Dalle aie ripose il festoso coccodè delle galline, alternato all'altisonante chicchirichì dei galli. «C'è qualcosa di nuovo sulla terra - disse un giorno San Pietro, guardando giù sul mondo dal suo alto trono sospeso fra le nubi - vedo, vedo…».
La terra rinverdisce, le rondini sfrecciano nell'azzurro e l'aria è piena di gridi, di voci festose di bimbi.
Primavera è tornata; dopo il lungo sonno invernale la terra si sveglia, rinasce alla vita.
Sorrise il santo Vecchio e «Pasqua è ormai vicina - annunciò con voce esulante - alleluja, alleluja!».
«Angeli del Cielo, udite, venite!..».
La voce possente volò, si sparse sotto le volte della celeste dimora. Gli angeli erano tutti al lavoro, chè molto c'è da fare nel regno del Signore. Chi stava lucidando le stelle del firmamento, perché più chiare, più lucenti splendessero nella notte, dando gloria a Dio e gioia agli uomini; chi sprimacciava le bianche nuvolette perché più soffici, più leggere corressero per il cielo ad abbellire le albe e i tramonti, a far sognare mondi meravigliosi ai malati immobili nei bianchi lettini degli ospedali, ai bimbi poveri che giocano nei vicoli stretti e scuri…
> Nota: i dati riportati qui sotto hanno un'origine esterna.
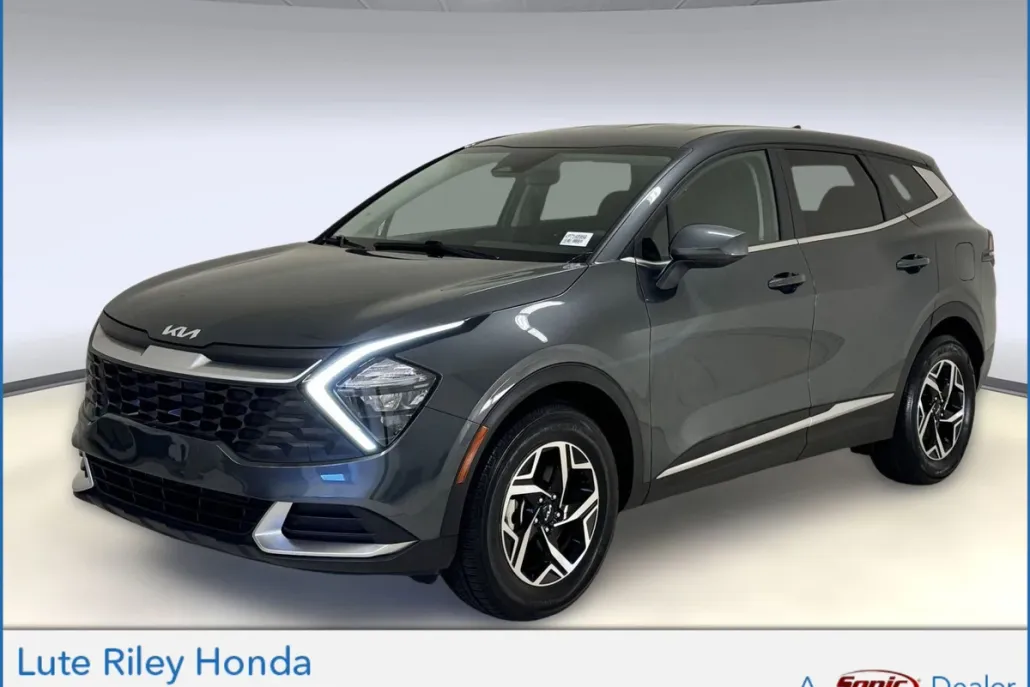 2023 Kia Sportage LX photo 1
Altri, molti altri, fedeli messaggeri tra la terra e il Cielo, partivano, arrivavano, silenziosi, belli, luminosi, a volte lieti, a volte tristi, s'inginocchiavano ai piedi del Signore, pregavano, talvolta piangevano.
Udirono, gli angeli, la gran voce.«E' Pietro che chiama» - dissero - guardandosi l'un l'altro. E chi lucidava le stelle smise di lucidare e chi sprimacciava le nuvolette smise di sprimacciare e tutti accorsero solleciti all'appello di Pietro.
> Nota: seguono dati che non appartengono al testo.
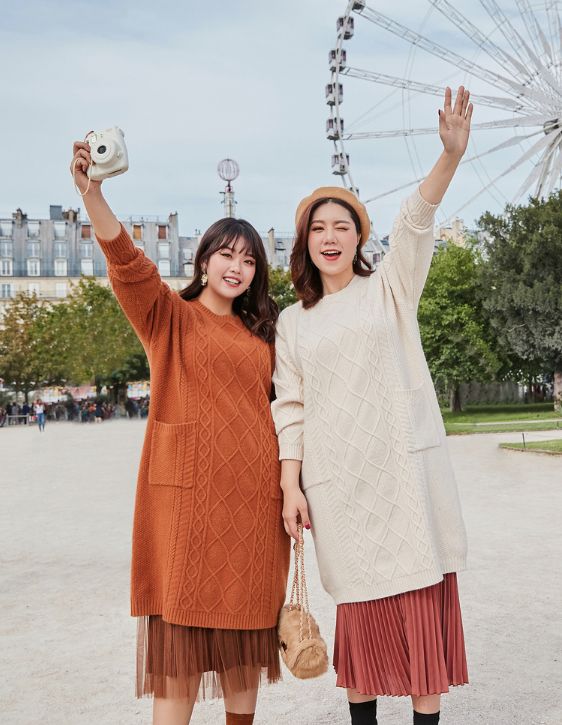 身材胖怎么穿？微胖女孩的时尚穿搭指南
Il Gran Vegliardo era là, ritto con il viso radioso entro la lunga barba argentea. «Miei cari, piccoli angeli, fedeli servitori - egli disse - ho una meravigliosa nuova da darvi. Ascoltate». Gli angeli gli si fecero accosto riverenti, mentre nelle loro ali passava un fremito leggero.
E' vicina la Pasqua del Signore. Sia gloria a Colui che risorge e gioia e letizia siano in cielo e in terra!».
«In quel giorno solenne si sciolgano tutte le campane del Paradiso e il loro "Gloria" si spanda per le infinite vie del Cielo e scenda sulla terra, messaggio di amore e di speranza agli uomini. Preparate le campane per il gran giorno, che esse brillino pulite e terse, come oro, al sole! E saldi siano i battagli e resistenti le funi, perché abbiano a reggere validamente al festoso scampanio. E siate prudenti - soggiunse il Santo - prudenti affinchè non vi accada che una fune, per il gran tirare si spezzi, o che una campana si stacchi dal suo aereo castello e vada a cadere, chissà dove, sulla terra».
Gli angeli accolsero in silenzio i saggi ammonimenti del Vecchio, che subito riprese: «Andate, creature fedeli, e fate come ora avete appreso. Gloria al Signore!».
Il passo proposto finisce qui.